_SUPPLIED DATA_.
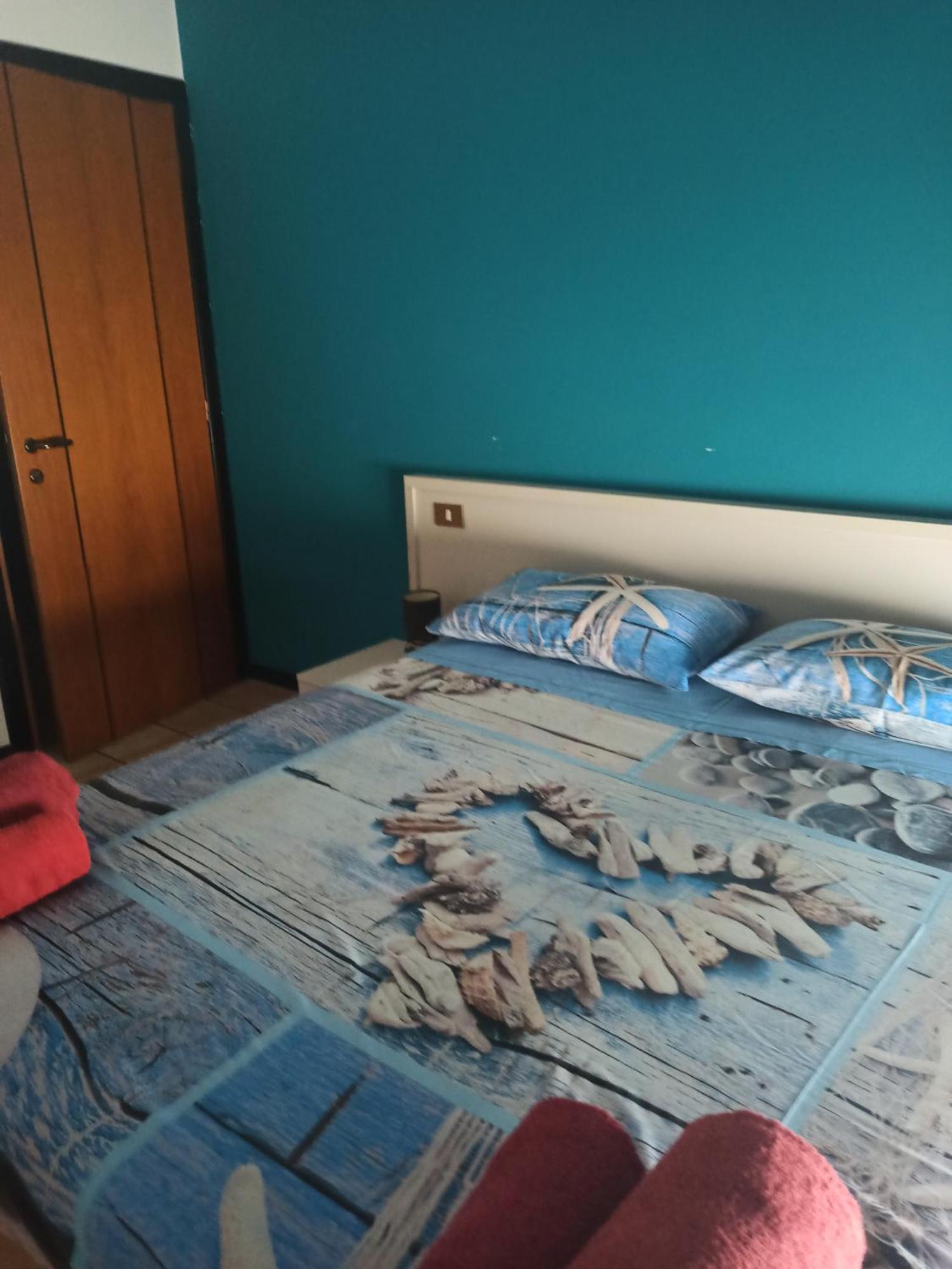 Albergo La Rovere Roverbella ภายนอก รูปภาพ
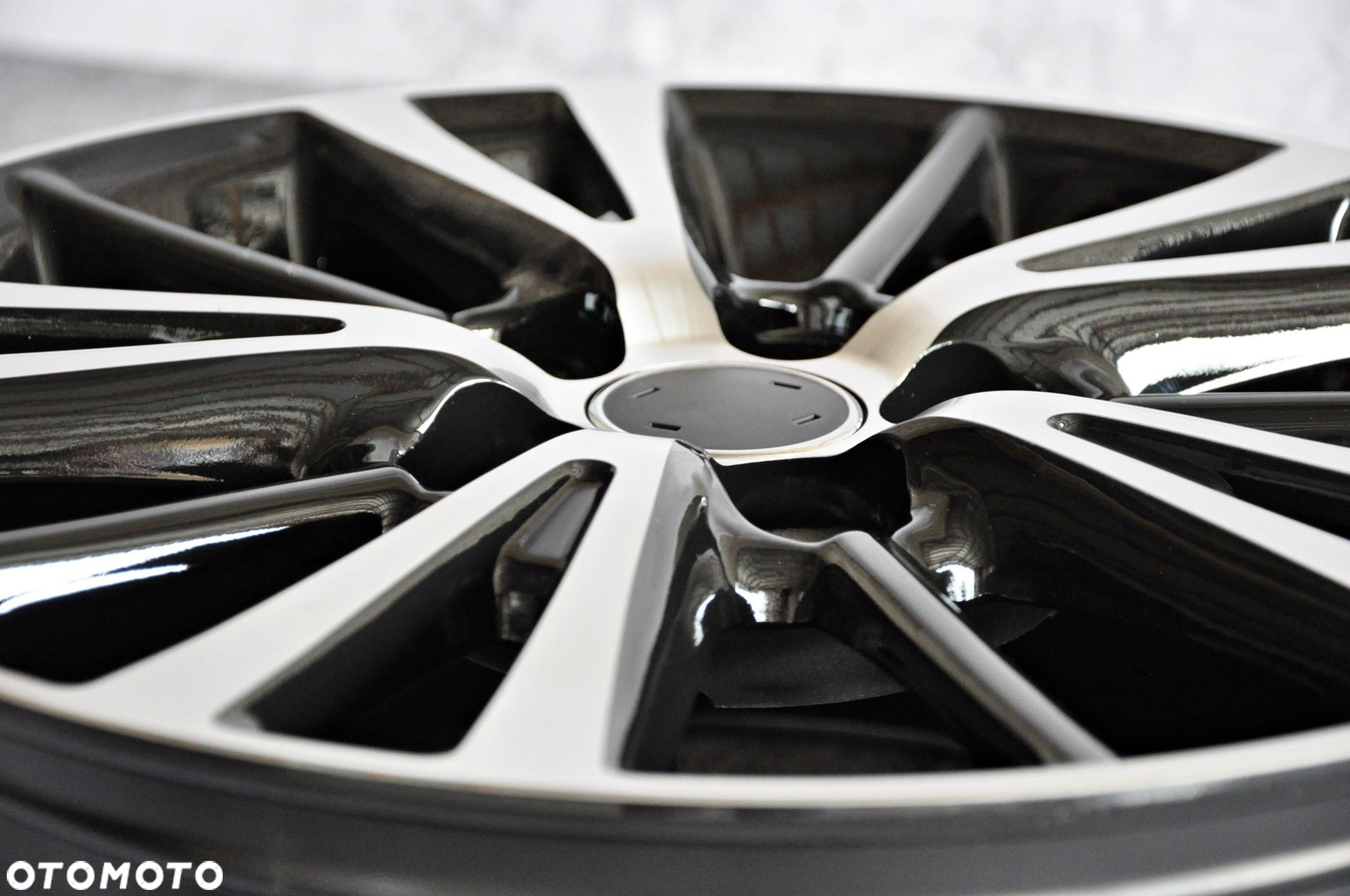 1051 MB FELGI 15 5x100 TOYOTA AVENSIS COROLLA - 8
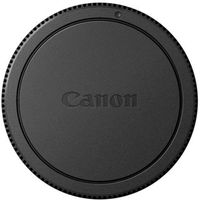 Canon EB achterlensdop M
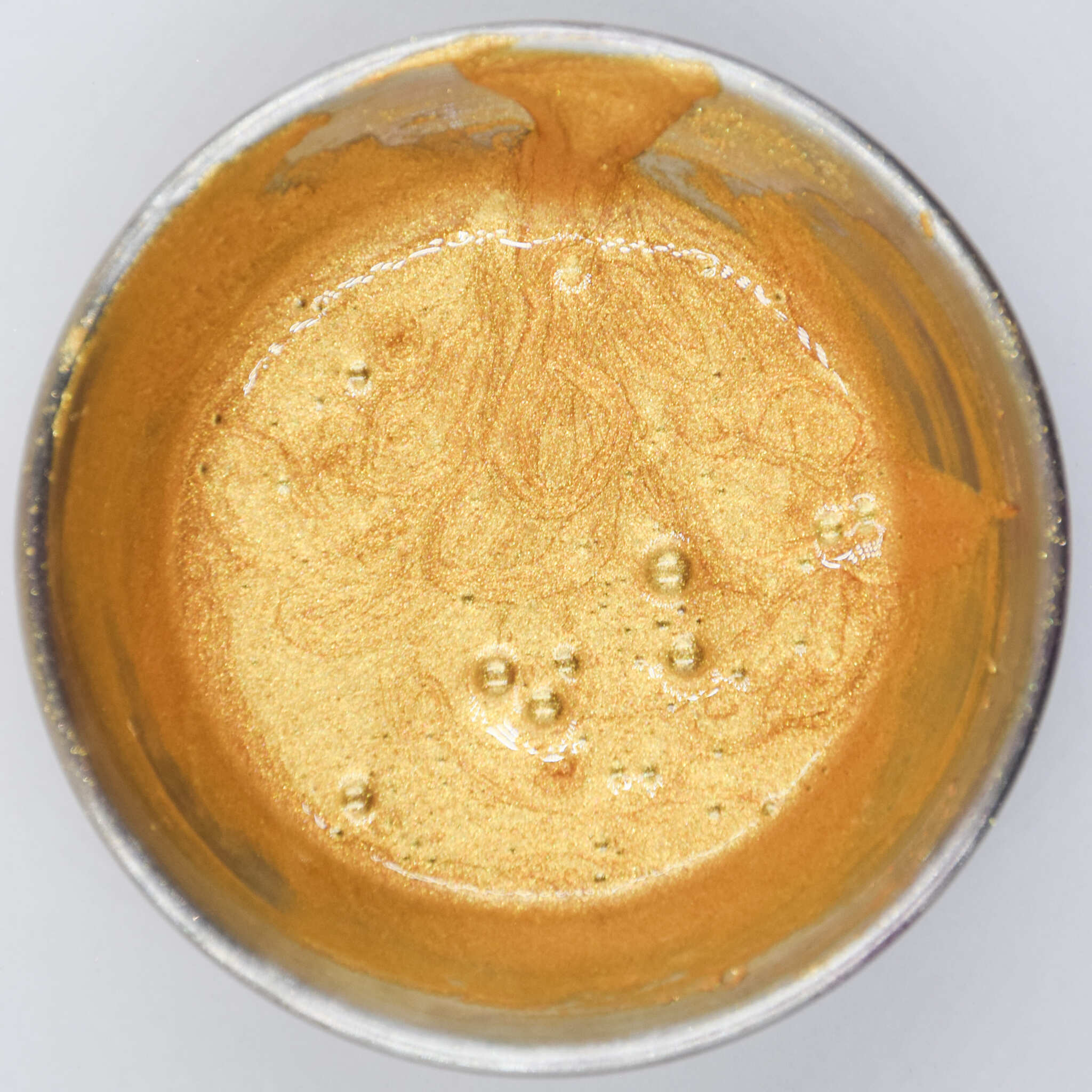 Or Champagne Étincelant (CDM-1114)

_PROBLEM TO WORK ON_.
Transcribe, without alteration, each line from the one with "1051 MB FELGI" through the last line of the data; no pictures belong in the copy.

_RESULT_.
 1051 MB FELGI 15 5x100 TOYOTA AVENSIS COROLLA - 8
 Canon EB achterlensdop M
 Or Champagne Étincelant (CDM-1114)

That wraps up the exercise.